To configure a ModelsLab model as your summarizer:
# In the TUI wizard, when prompted for summarizer API:
# Endpoint: https://modelslab.com/api/v6/llm/chat/completions
# Model: meta-llama/llama-3.3-70b-instruct (fast, good at summarization)
# Alternative: Qwen/Qwen2.5-32b-instruct (stronger reasoning)
# API key: your ModelsLab API key (docs.modelslab.com)
Llama 3.3 70B is the practical default here. It produces tight, accurate summaries of code conversations and runs significantly cheaper per token than Claude Sonnet. Since compaction summaries are a defined task with clear output expectations (not open-ended generation), a strong 70B model is sufficient for most projects.
Running Context Gateway With Claude Code
Once configured, start the proxy before opening Claude Code:
# Start Context Gateway proxy
context-gateway start
# In a separate terminal, open Claude Code
claude code
Context Gateway intercepts at the API layer — Claude Code doesn't know it's there, and you don't change anything about how you work. The only visible difference: /compact is instant.
To verify it's working, check the log:
tail -f logs/history_compaction.jsonl
Each compaction event writes a JSON line with timestamp, token counts before/after, and the model used for summarization.
Setting the Threshold for Your Workflow
The 75% default works for most workflows, but there are cases where you'd tune it:
| Workflow | Recommended Threshold | Reason |
|---|---|---|
| Interactive development | 75% (default) | Leaves headroom for manual work after compaction fires |
| Overnight autonomous runs | 60% | More aggressive — reduces risk of hitting limit mid-task |
| Short sessions (<2h) | 85% | Fewer compactions for shorter contexts |
| Very large files (>50K tokens/file) | 60% | File reads spike context fast; pre-compute early |
What It Doesn't Fix
Context Gateway is good at eliminating the wait, but it doesn't expand the context window. If you're working on a codebase so large that even the compressed summary exceeds available context, you'll need a different approach:
- Retrieval-augmented context: Use
CLAUDE.mdwith explicit pointers to relevant files so Claude doesn't need to hold everything in context - Per-feature branches: Isolate large changes to smaller branches so sessions stay shorter
- MCP file references: Route large file reads through MCP tools that return targeted excerpts instead of full file content
For most developers, those situations are edge cases. The typical Claude Code bottleneck is the compaction wait, and Context Gateway eliminates it.
The Bigger Picture: API Layer Optimization
Context Gateway is one of several tools emerging in the "AI agent infrastructure" layer — proxies, caches, and routers that sit between coding agents and LLM APIs to reduce cost and latency without changing agent behavior.
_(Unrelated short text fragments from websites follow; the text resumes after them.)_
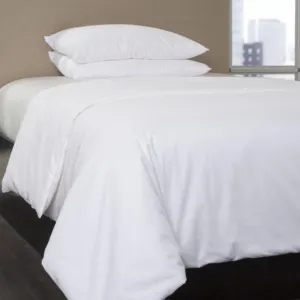 Silk comforter with cotton shell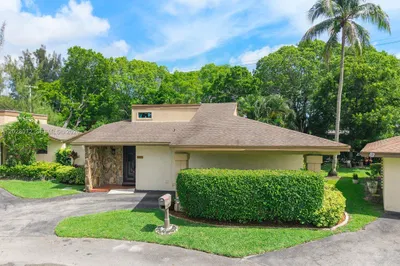 8149 Royal Palm Ct #3 1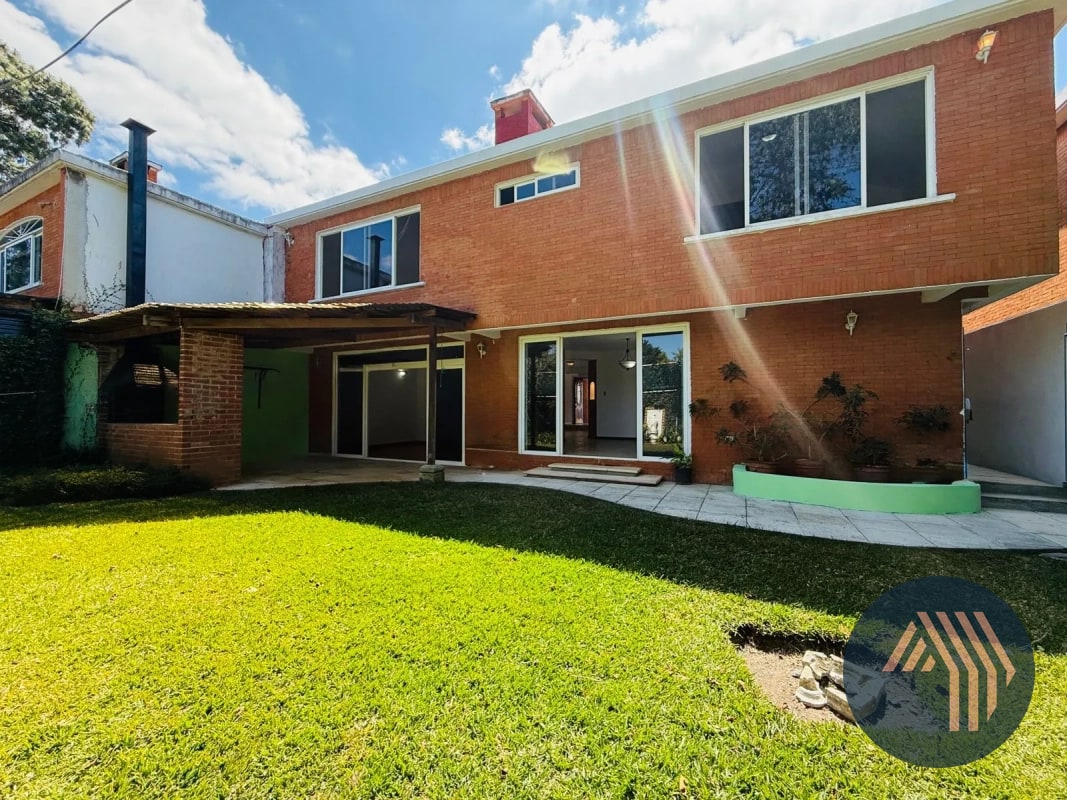 VENTA DE HERMOSA CASA - SAN ANTONIO, KM 16.5 CES - 11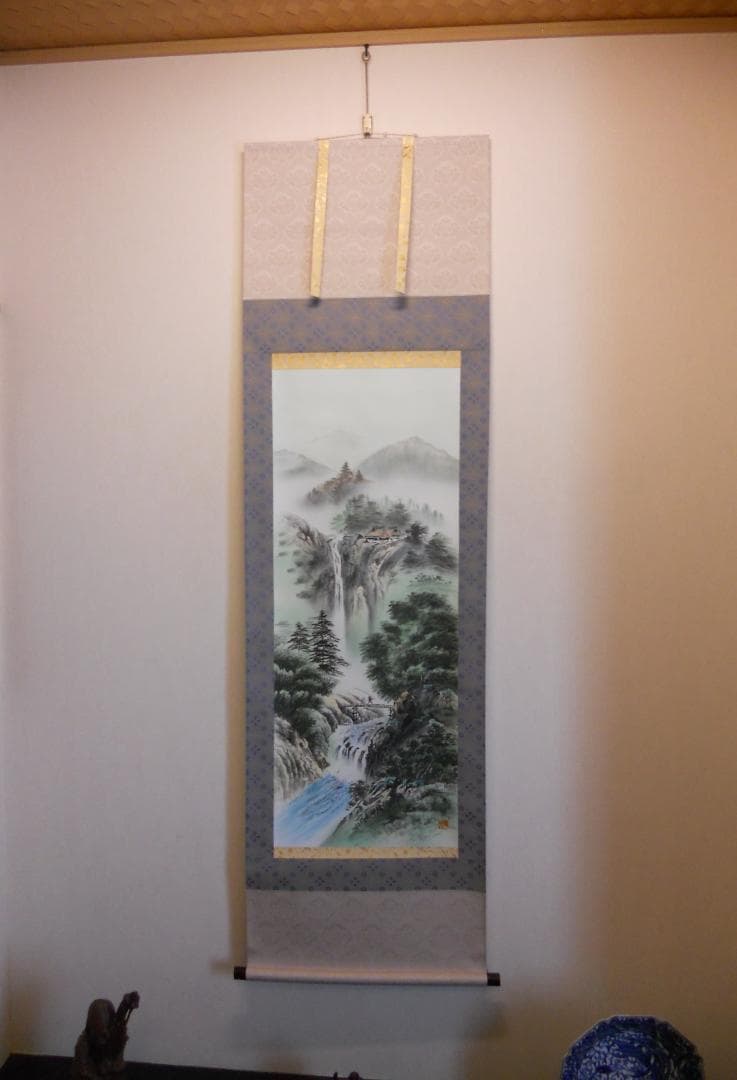 掛け軸 小川香月 『 山紫瀑景図 』 絹本 希少 軸装 茶道具 掛軸 美品 です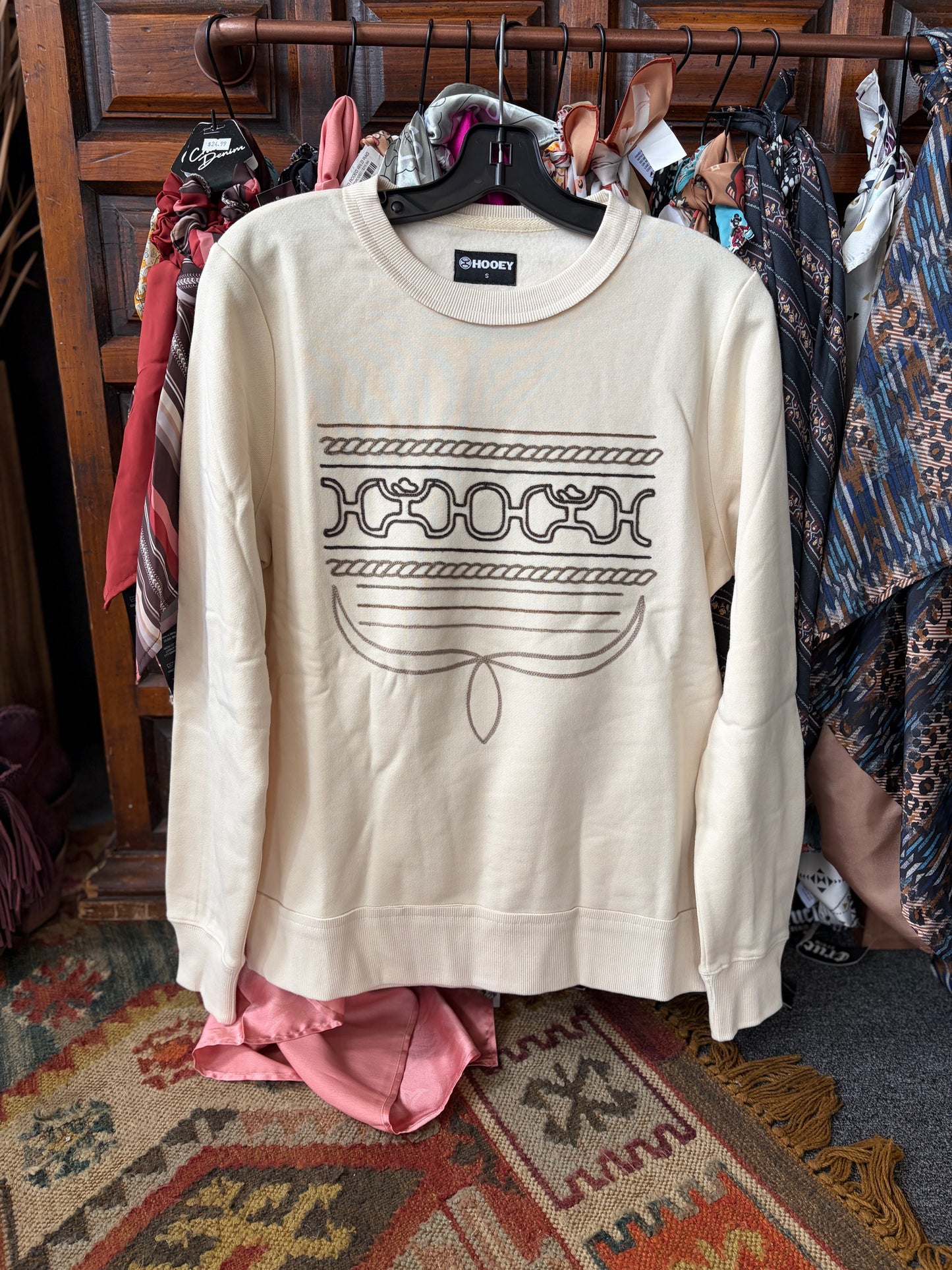 HOOEY WOMENS CREAM PULLOVER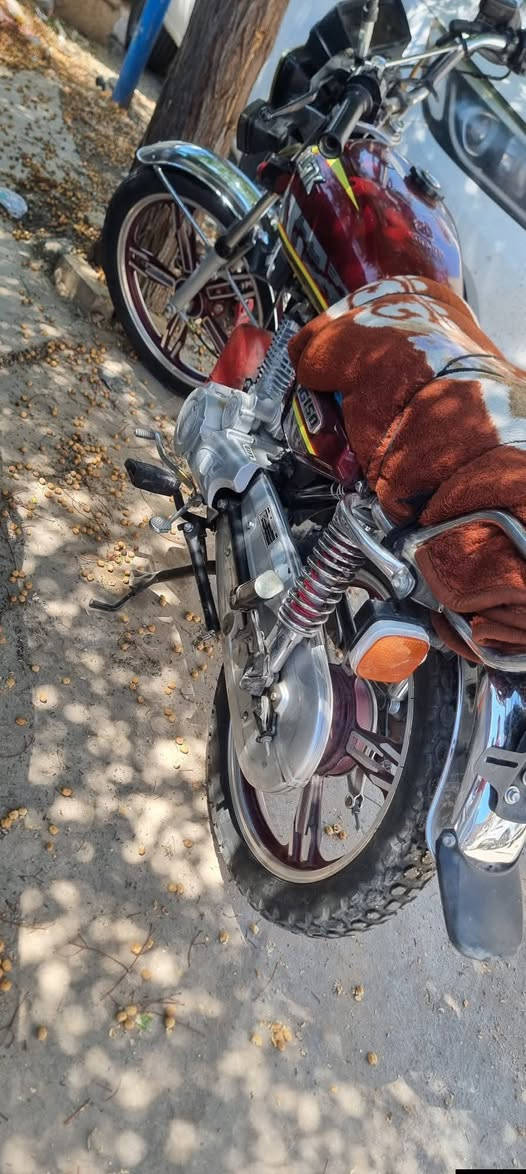 السلام عليكم دراجه سولنك للبيع 
موديل 23 منفيس موجود 
كله شركه كفالة ماكينه ما مفتوحه 
150cc
السعر 600 وبي مجال للطيبين السليمانية, العراق


**إذا كنت صاحب هذا الإعلان وتريد حذفه لأي سبب، رجاءا أرسل رسالة إلى الدعم الفني**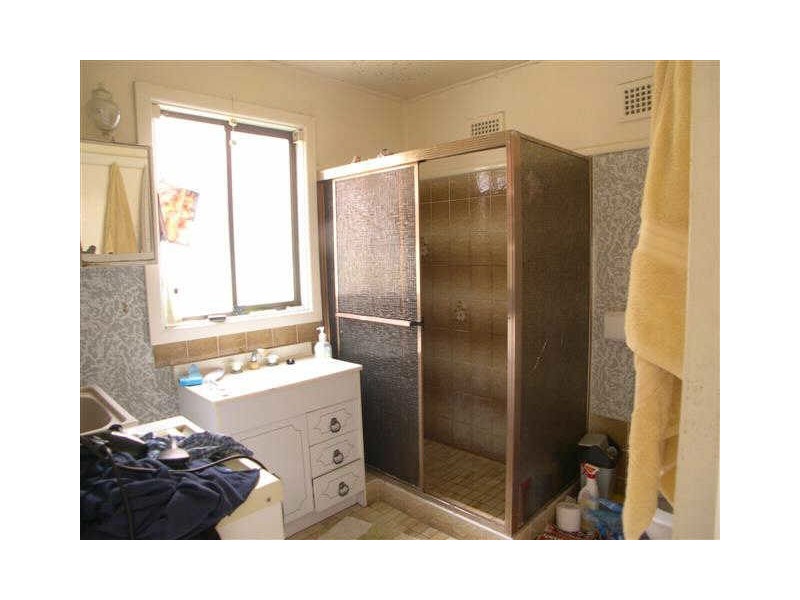 63 Bangalow St, Ettalong Beach NSW 2257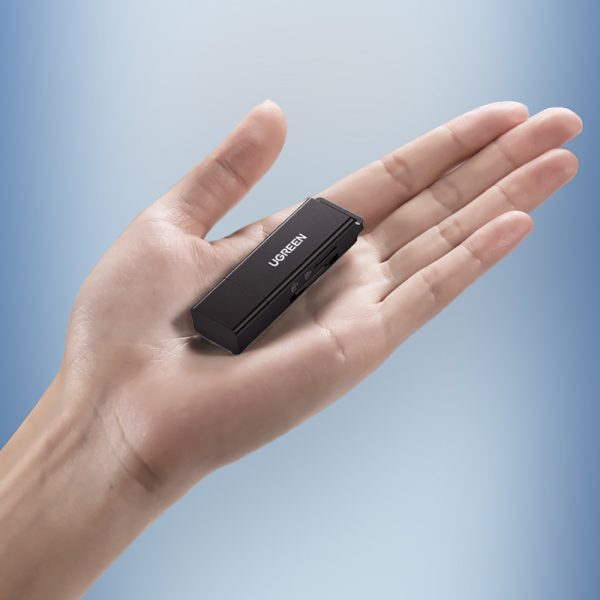 Pārnēsājams TF/SD karšu lasītājs zem USB 3.0 melna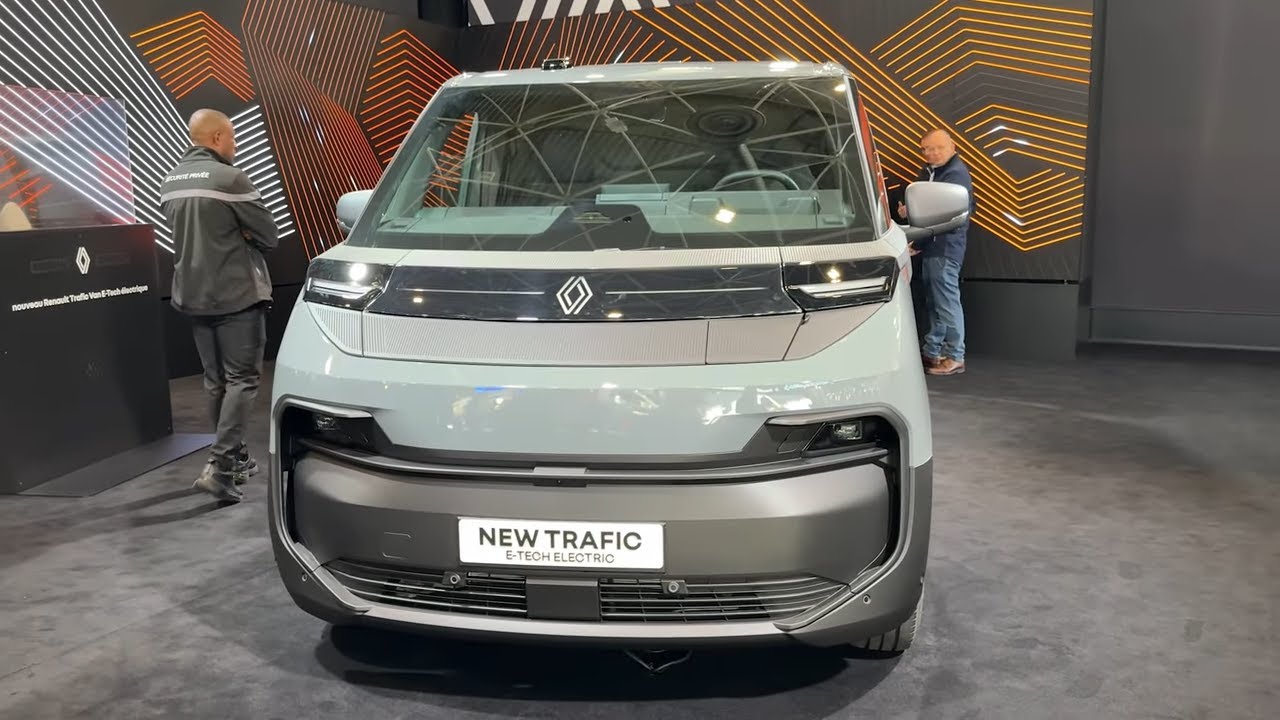 Renault Trafic E-Tech Electric (2026) World Premiere &ndash; Walkaround | Solutrans 2025 Lyon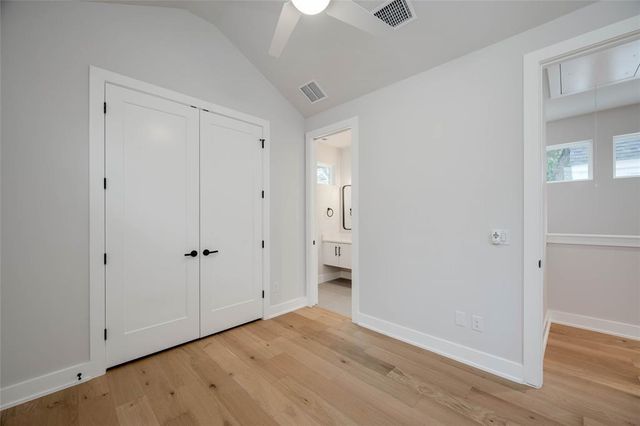 1406 E 2nd ST 2, Austin, TX 78702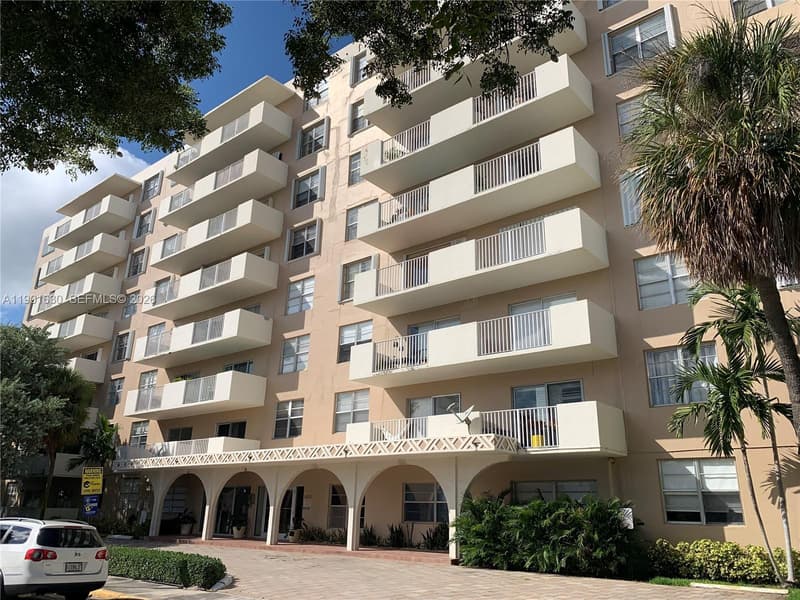 1455 Treasure Dr #2M, North Bay Village, 33141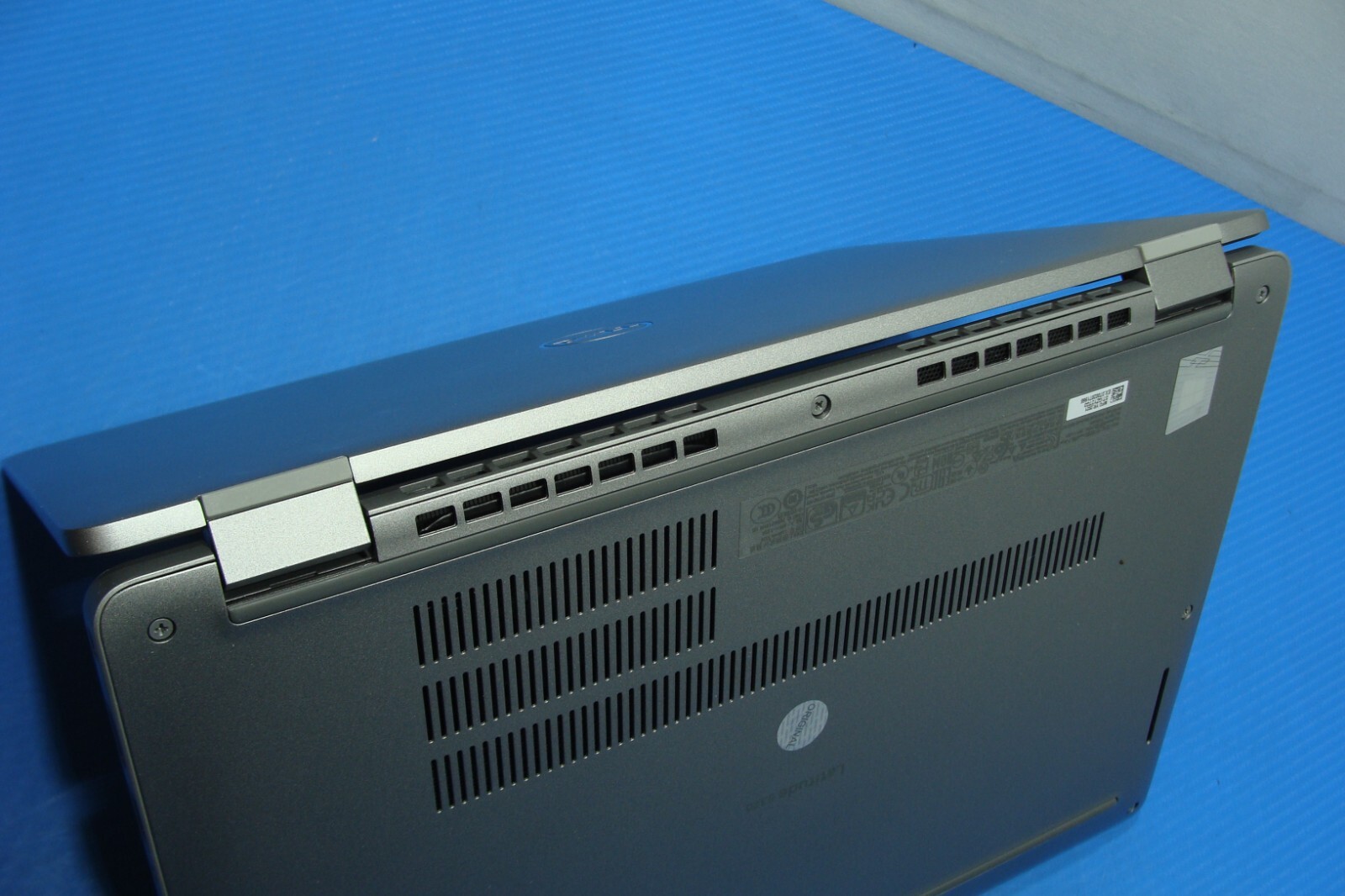 Dell Latitude 5320 13.3″ FHD i7 11th Gen 3GHz 16GB RAM 256GB SSD Win 11 PRO
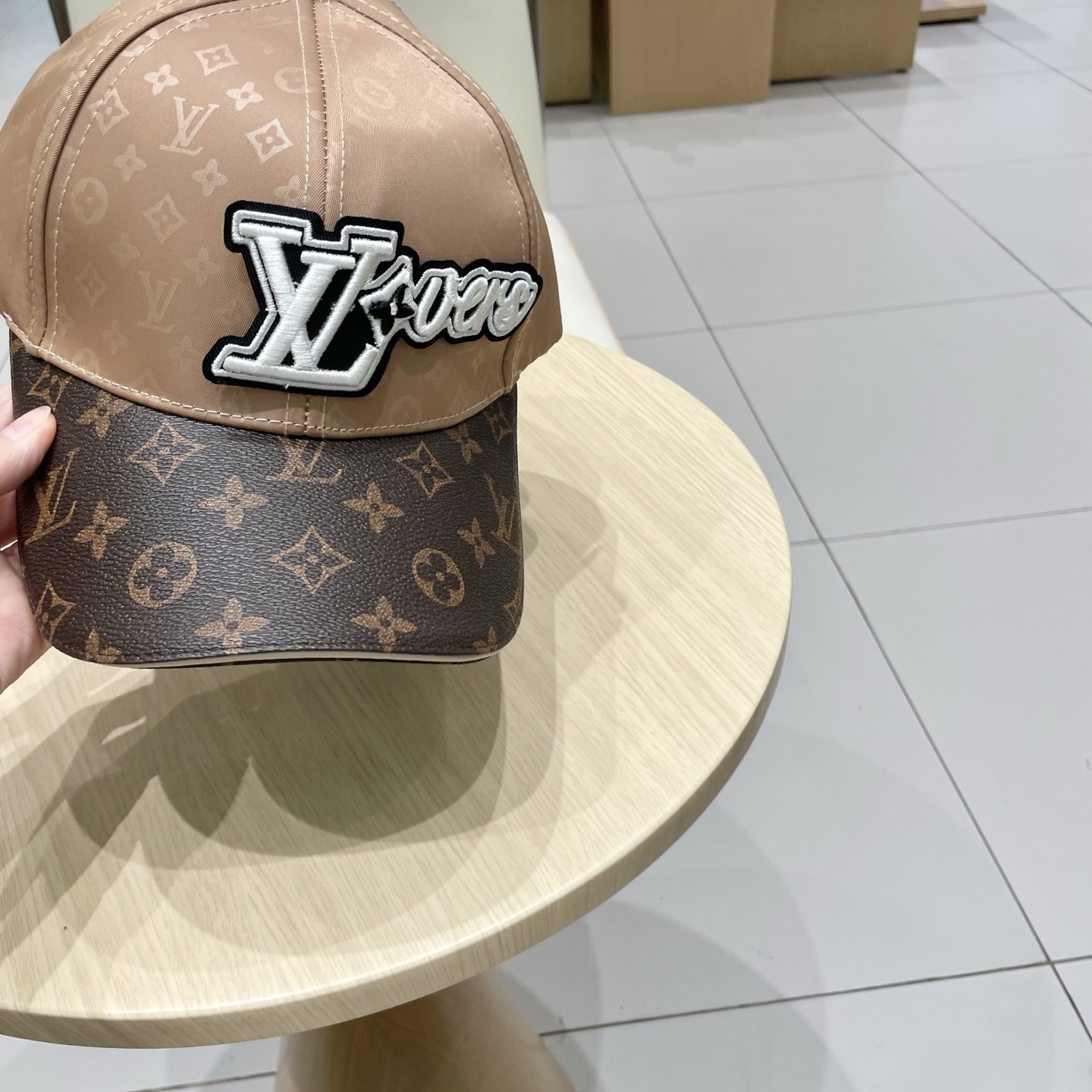  🧢LV路易威登🧢 高版出货，刺绣字母棒球帽，非常经典的经典，流行的复古美，四季可用，出门必备，非常显脸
This pattern matters for teams running AI agents at scale:
- Background summarization with a cheap model cuts per-session cost
- Caching repeated tool outputs reduces redundant API calls
- Routing different task types to different models (cheap for boilerplate, strong for architecture) compounds the savings
ModelsLab's LLM API is designed to fit into exactly these patterns — OpenAI-compatible endpoint, access to 100+ models under one API key, pay-as-you-go so you're not paying subscription minimums for background jobs. Full documentation at docs.modelslab.com.
If you're running Claude Code on a team or running autonomous overnight tasks, Context Gateway is worth the 5-minute setup.